Optoelectronic and Structural Properties of High-Quality GaN Grown by Hydride Vapor Phase Epitaxy

Gallium nitride (GaN) films have been grown by hydride vapor phase epitaxy (HVPE) in a vertical reactor design. We report on GaN growth directly on sapphire using a GaCl surface pretreatment. The electrical properties of these films compare favorably with the highest values reported in the literature for GaN. Specifically, a room temperature Hall mobility as high as 540 cm2/V·s, with a corresponding carrier concentration of 2×1017 cm-3, have been attained. Additionally, the vertical reactor design has assisted in reducing nonuniformities in both film thickness as well as in transport properties due to depletion effects, as compared with horizontal designs. The dislocation density in these films has been determined by plan-view transmission electron microscopy to be approx.3×108 cm-2. Photoluminescence spectra obtained at 2 K show intense, sharp, near-bandedge emission with minimal deep level emissions.
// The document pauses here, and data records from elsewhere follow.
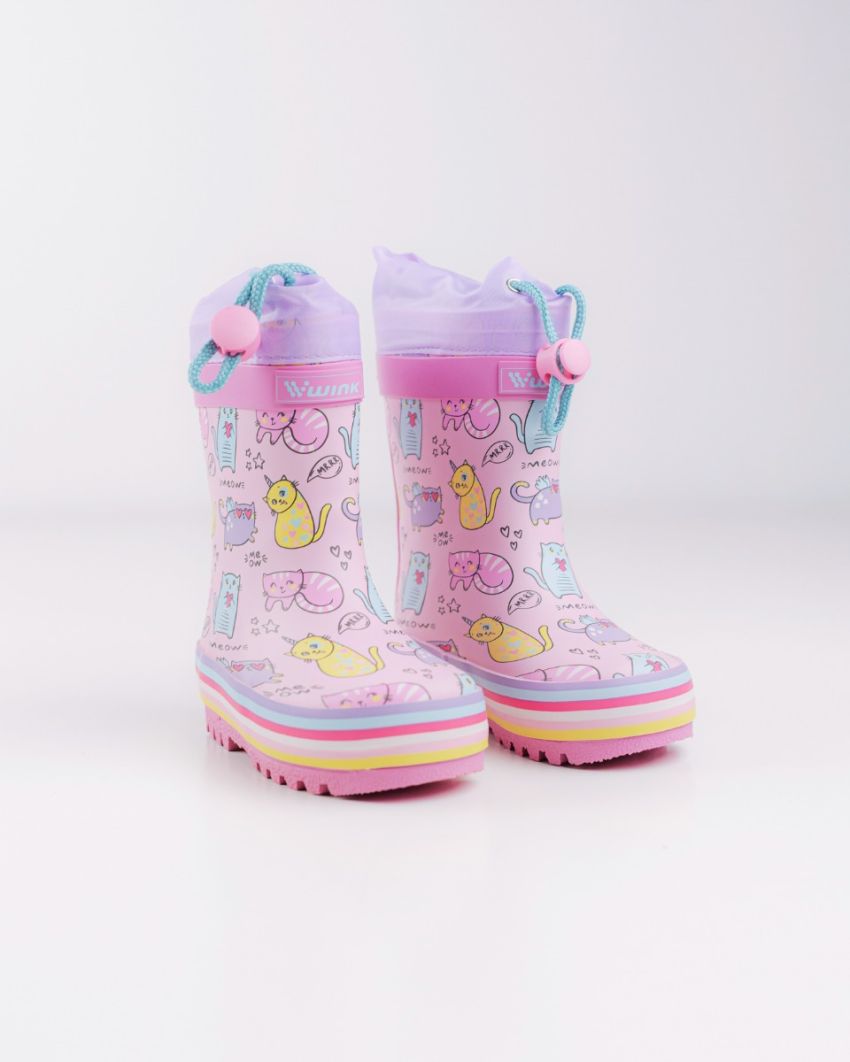 Wink - Aqqo - Meow pink baby rainboots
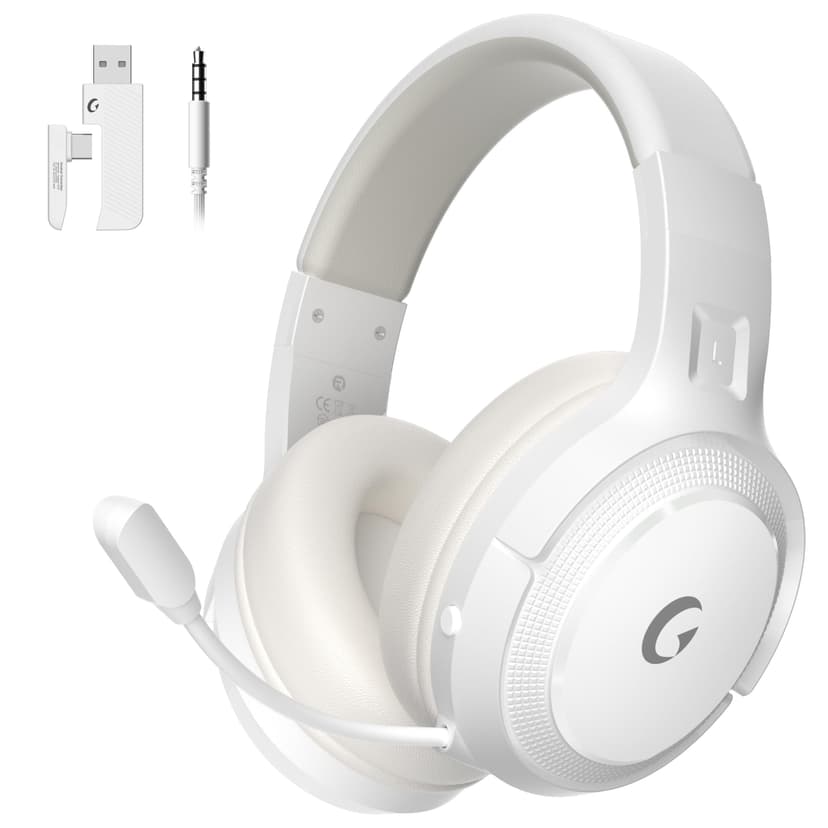 COOLV Wireless Gaming Headset for PS5/PS4,PC, 2.4GHz&Bluetooth 5.3 Gaming Headphones with Noise Canceling Mic, 20ms Low-Latency, 50+Hr Battery, Type-C- White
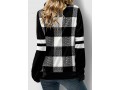 Plaid Drawstring Neck Long Sleeve Contrast Sweatshirt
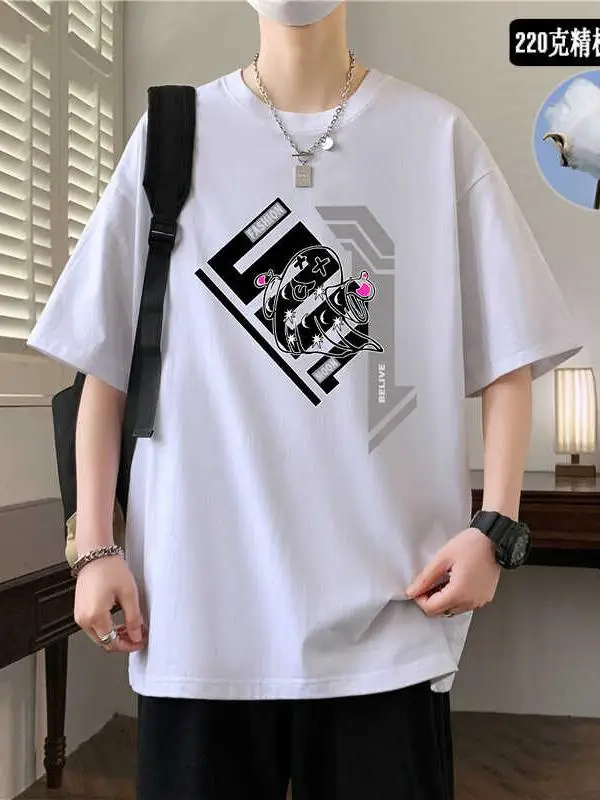 Heavy Cotton Short sleeve T-shirt Men's Summer Fashion Brand Print Youth Casual Loose Half Sleeve Top T
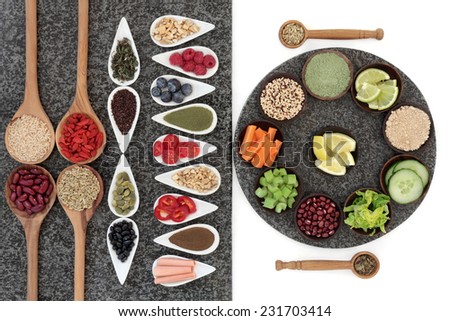 Large diet and weight loss super food selection in bowls and spoons on marble over white background.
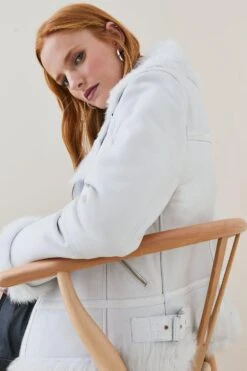 Karen Millen Leather & Shearling Aviator Coat -Karen Millen Shop ivory leather shearling aviator coat 1 2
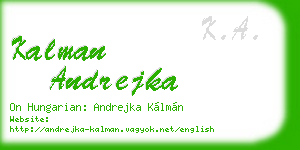 kalman andrejka business card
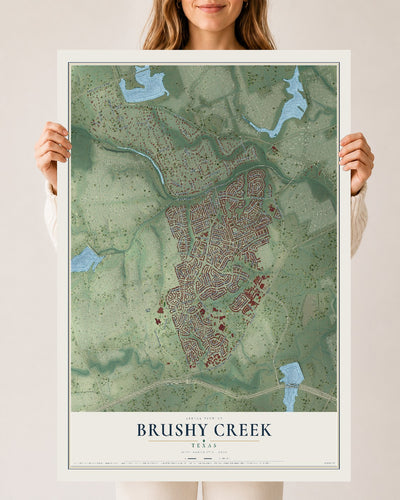 Map of Brushy Creek, Texas, 24 x 36 inch unframed archival matte print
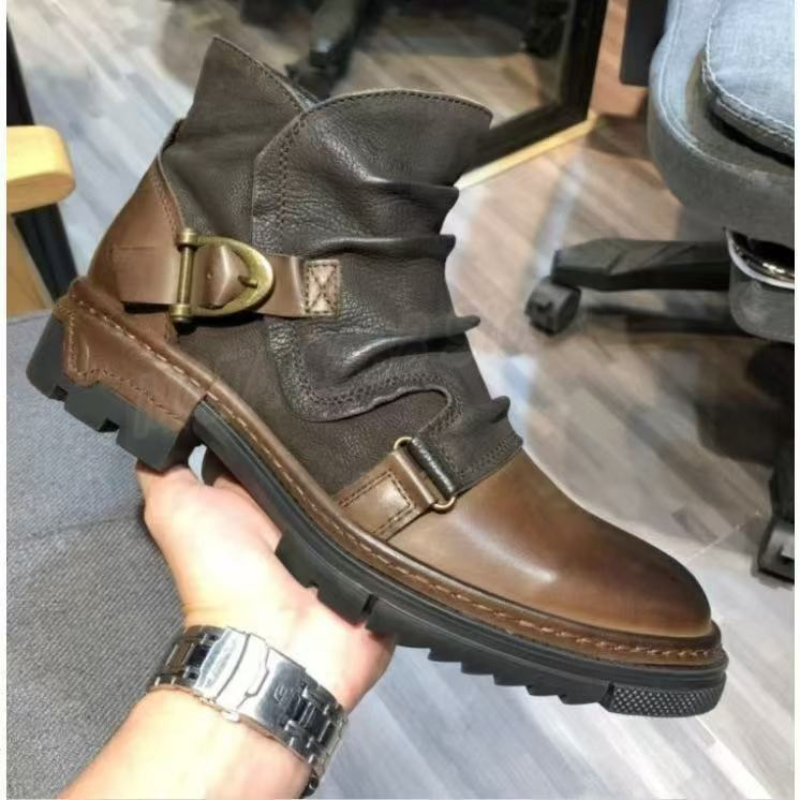 Bottes en cuir rétro pour homm - Motorcycle Gear Up avis et prix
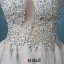 2016 Sexy Scoop Neck Sleeveless Sequin Lace Mix Green Grey Tulle Short Cocktail Dress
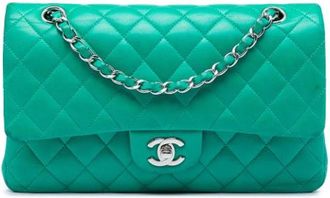 Chanel Pre-owned Double Flap Schoudertas - Dames - Vintage Schoudertas - Groen - ONE Size - Leer - Vintage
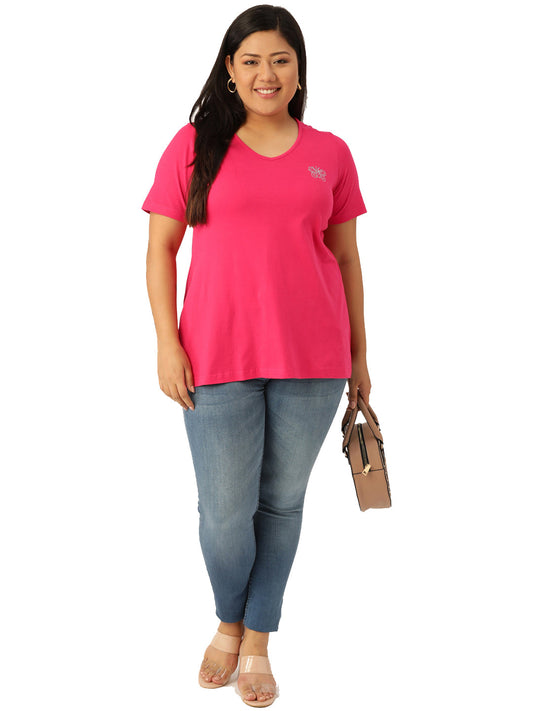 Cotton Knitted Embellished T-shirt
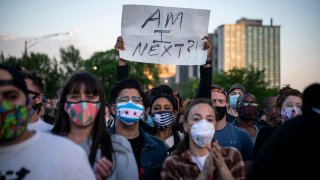 Demonstrators take part in a protest in Uptown neighborhood of Chicago, the United States, June 1, 2020.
Stimulated emission has been observed in these films, utilizing a nitrogen laser pump source (λ=337.1 nm) with a threshold pump power of approx.0.5 MW/cm2. These results suggest that HVPE is viable for the growth of high-quality nitride films, particularly for the subsequent homoepitaxial overgrowth of device structures by other growth methods such as OMVPE and MBE.